Elisabeth intussen heeft Dokkum achter zich gelaten en zich met haar gezin in Leeuwarden gevestigd. Dat zulks niet vrijwillig ging, vertellen getuigen(2): “…dat ook de gem. Pentermans in weerwil van de gem. weduwe Penterman de tweede dagh nae de gem. begraevenisse geweldiglijk de huishoudinge tot Dockum ten meeren deele hebben opgebrooken ende het meest en voornaemste van de meubilen, huisraed en imboel hebben uijt den huijze gevoert of gedaen brengen ende inscheepen in een vaertuijgh ende vervolgens naer Leeuwaerden hebben vervoert, niet tegenstaende de gemelde weduwe Penterman haer zelven op alderhande wijzen daer tegen opposeerde, zelfs tot zoo verre dat zij een buure gerugt maekte en de buuren tot haer assistentie wilde roepen om haer tegen dit geweld te helpen ende te assisteeren ende dat de gemelde Pentermans om haer dat te verhinderen de gemelde weduwe Penterman in een kamer hebben opgeslooten gehadt ende aldaer opgeslooten gehouden tot dat zij de gemelde meubilen uijt het gemelde huijs hadden gedaen vervoeren ende in het gemelde vaertuig inscheepen. Dat dit gedaen zijnde de gemelde Pentermans beijde des naermiddags omtrent ten vier uuren de gemelde weduwe requirante tegens haer wil en genegentheid tusschen hun beijde in het midden ieder bij een arm genoomen ende alzoo door verscheijde omweegen door enge steegjens ende zelfs door het huijs van eenen hopman (3) Snip (zijnde de lombart) als een gevangene om het geright van de menschen te ontgaen ende omdat zij niet soude worden ontset buijten de poort ende in het gemelde vaertuigh hebben gebragt en vervolgens met haer naar Leeuwarden zijn vertrocken…”

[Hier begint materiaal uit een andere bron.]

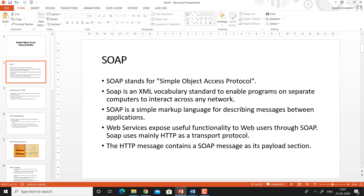Web services expose useful functionality to web users through SOAP. It means all the methods of a particular web service are exposed to its users through SOAP messages. SOAP uses mainly the HTTP protocol as the transport protocol. Within the HTTP protocol, it works as the payload — the HTTP message contains the SOAP message as its payload section.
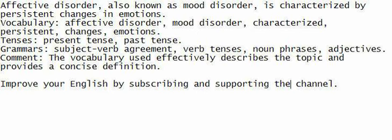Affective disorder, also known as mood disorder, is characterized by persistent changes in emotions.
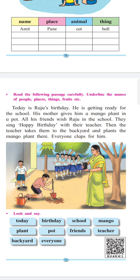All his friends wish Raju in the school. Then Raju came to school and everyone wished him. They sing happy birthday with their teacher. The teacher takes them to the backyard and plants the mango plant there. Everyone claps for him.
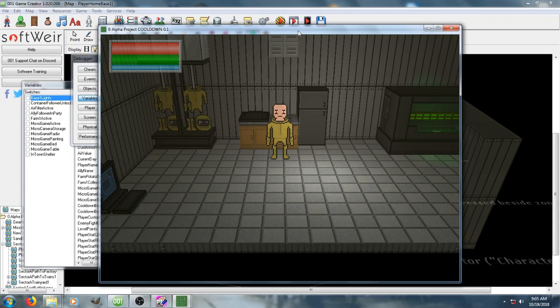Hello, this is TheOtherGuy, and welcome to a 001 Game Creator tutorial on player classes and stat choice. Essentially, this allows the game to make decisions based on whether or not the player has high enough stats in certain regards.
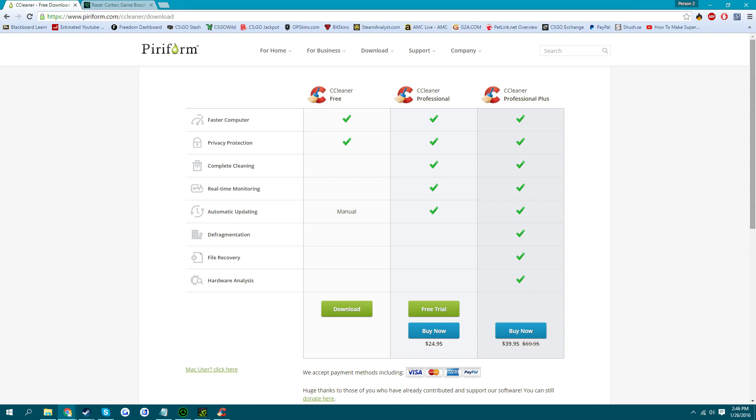Hey guys, how's it going? Today I'm going to show you how to boost your FPS on CS:GO.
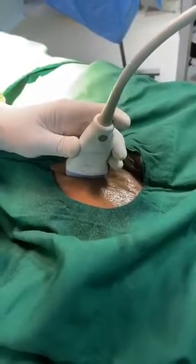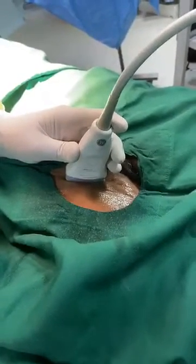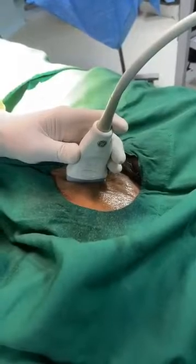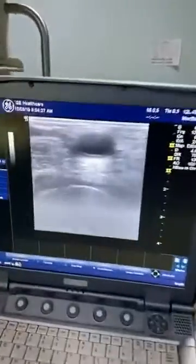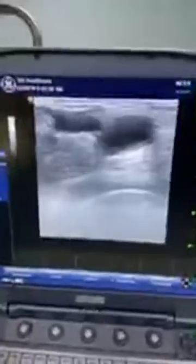Good morning friends. This is the patient for TURB — transurethral resection of the bladder tumour. I have put the probe just above the inguinal crease. If you see on the screen, you can see this is the femoral artery and femoral vein.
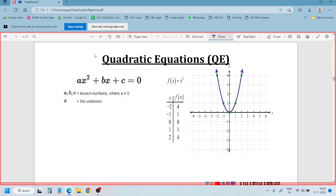Linear equations represent a line in the graph. Now the syntax for a quadratic equation is ax squared plus bx plus c. Here we have power 2. In a linear equation, x has one value, but in a quadratic equation, x has 2 values. Here a, b, c are unknown numbers where a is not equal to 0, and x is the variable we need to find out.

Sinds april zit Elisabeth zo bij haar schoonvader, wachtend op een huis dat haar is toegezegd. Maar de oplevering van haar huis schiet niet op en vier maanden later zit ze er nog. Dan, de elfde augustus 1714, vallen de schellen haar van de ogen. De deurwaarder staat op de stoep met een dagvaarding voor haar. Wat blijkt? Haar vader wil haar onder voogdij laten plaatsen! Haar vader! Ze weet niet precies wat hier achter zit, maar één ding is zeker: ze moet weg, terstond, geen dag te verliezen.

Elisabeth wacht tot de Pentermannen de deur uit zijn. Dan, beschroomd en bevreesd, haar hoofd bedekt, glipt ze de deur uit. Ze laat haar kinderen achter, wat moet ze anders? Ze neemt haar toevlucht tot het huis van een vriend, de Leeuwarder koopman Frans Stalpert van der Wielen, en neemt terstond een advocaat in de arm, Petrus Rudolphi. Die zal weten waar hij aan begonnen is: hij zal worden belasterd en belaagd, en jaren moeten wachten op zijn salaris.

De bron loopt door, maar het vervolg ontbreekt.